Since I wanted to make a rainbow, we made lots of colours and even made a bowl of plain white for the puffy clouds. As far as painted clouds go, you really can’t get a better cloud texture than this!
And then when it dried, the colours were way darker.
After we finished the rainbows, we painted a bunch of balloons.
I started by drawing the strings with black pen, and then generously dolloped a big circle of paint on the end of each string to make the balloons.
Bubble Blower Painting
POP! There is something just so magical about bubbles and my girls LOVE anything bubbles so when Immy came home from school recently declaring the bubble blower painting that they’d enjoyed that day was the most awesome activity ever, we just had to give it a go!

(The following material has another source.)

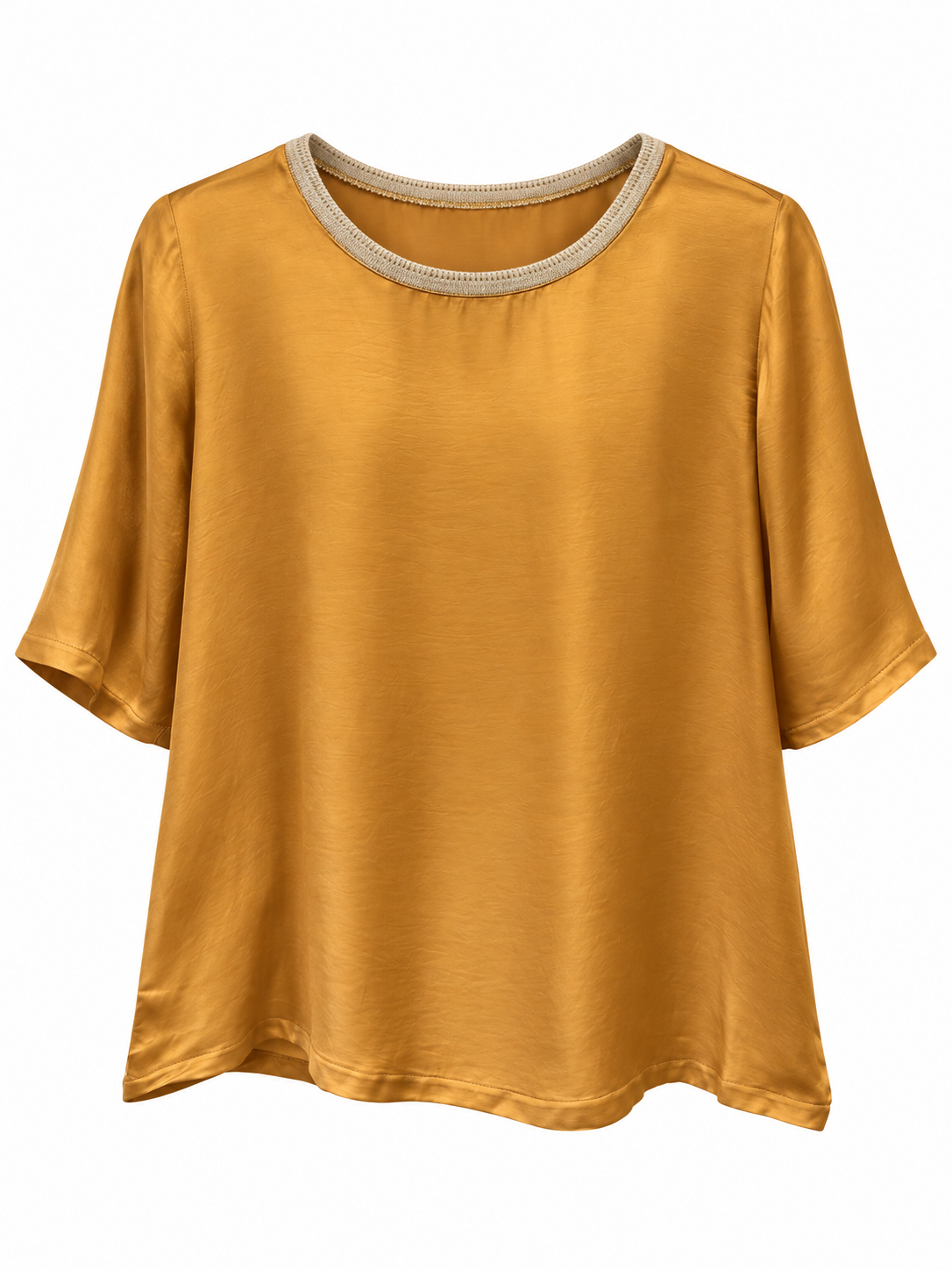 Andam satin blouse in camel, front view showing the relaxed silhouette and elbow-length sleeves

It really is so simple, we used just two ingredients – bubble mixture and food colouring – and my girls made painting after painting and stayed engaged and busy creating for a very long time.
You will need:
- Bubble mixture – we used a commercial mix from a bubble blowing set (similar to this one) but I am sure this would also work with a good quality DIY mix
- Food colouring
- Bubble wands
- Cups and/or trays to dip your wands into
- Large sheets of painting paper
To make:
- Simply tip a little bubble mixture into each tray or cup – one for each colour, and then add a little food colouring to each tray and stir gently – you don’t want to make too many bubbles in your cup because we always find our bubbles don’t work so well when the mixture is all bubbly. We used red, blue, yellow and pink.

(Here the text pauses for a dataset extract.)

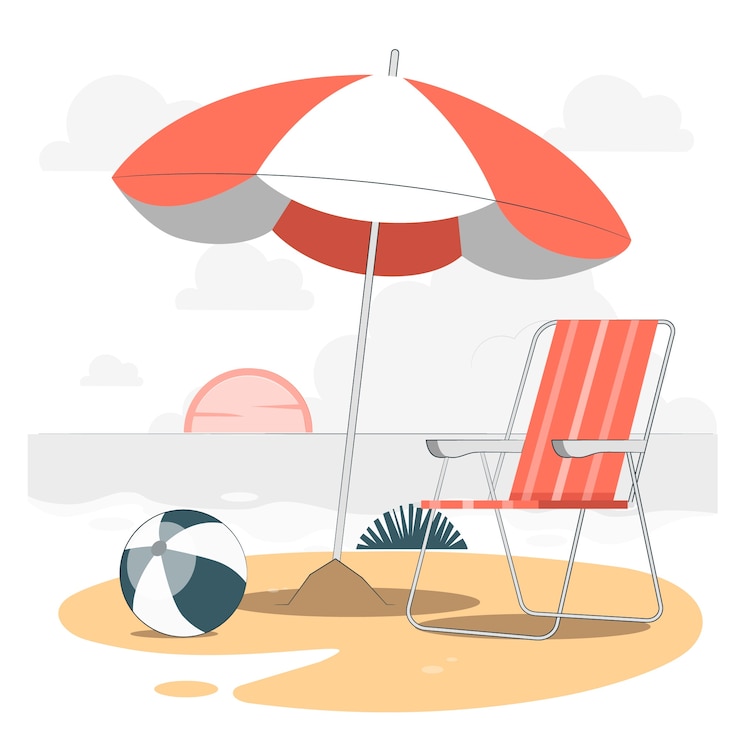 Vettore gratuito illustrazione del concetto di ombrello da spiaggia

Then it’s time to blow bubbles! All over your paper.
The activity is a little messy but our mixture did not stain at all, in fact it was really easy to clean up. We actually took it outdoors as I didn’t fancy bubble shaped splashes on my walls from the stray bubbles that my girls couldn’t help but blow up into the air I would suggest wearing art aprons and covering work surfaces.
The effect the bubbles make on the paper is amazing and the experience was lots and lots of fun!
Meal mat
This great art and craft activity will have the kids wanting to sit at the table all the time! Help them make their very own unique place mat and you won’t be able to get them off the table even after meals have been finished!
What you need:
- gift box or poster board
- clear contact or laminate
- crayons
- markers
- glue
- magazines or other source of pictures to choose from
Activity:
Cut the box or other piece of cardboard to the desired size for a place mat.

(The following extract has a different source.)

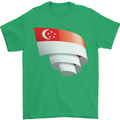 Curled Singapore Flag Singaporean Day Football Mens T-Shirt 100% Cotton Irish Green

Encourage your child to decorate the mat however they like – draw and colour, glue on pictures from magazines or even bits from the garden.
Let them add their name and even the year for the perfect future memento.
Cover the place mat with contact paper or have it laminated.
Follow this with a quick lesson on setting the table and your day is done!
Watermelon Paper Plate
Materials
- One paper plate
- Acrylic paints (red, white, green, and black)
- Paintbrushes (one thick, one thin for the seeds)
- Newspaper
- Stapler
- Scissors (optional)
Instructions:
- Fold the paper plate in half.
- Paint each side like a watermelon. Use our picture for reference. Let dry.
- Hold the folded paper plate on one side, stuff with newspaper, and staple shut.
Note: You can also cut the paper plate and half and after painting it, staple it all around, which is what we did. That way both sides dry at the same time.
That’s it! Piece of cake…or should I say watermelon?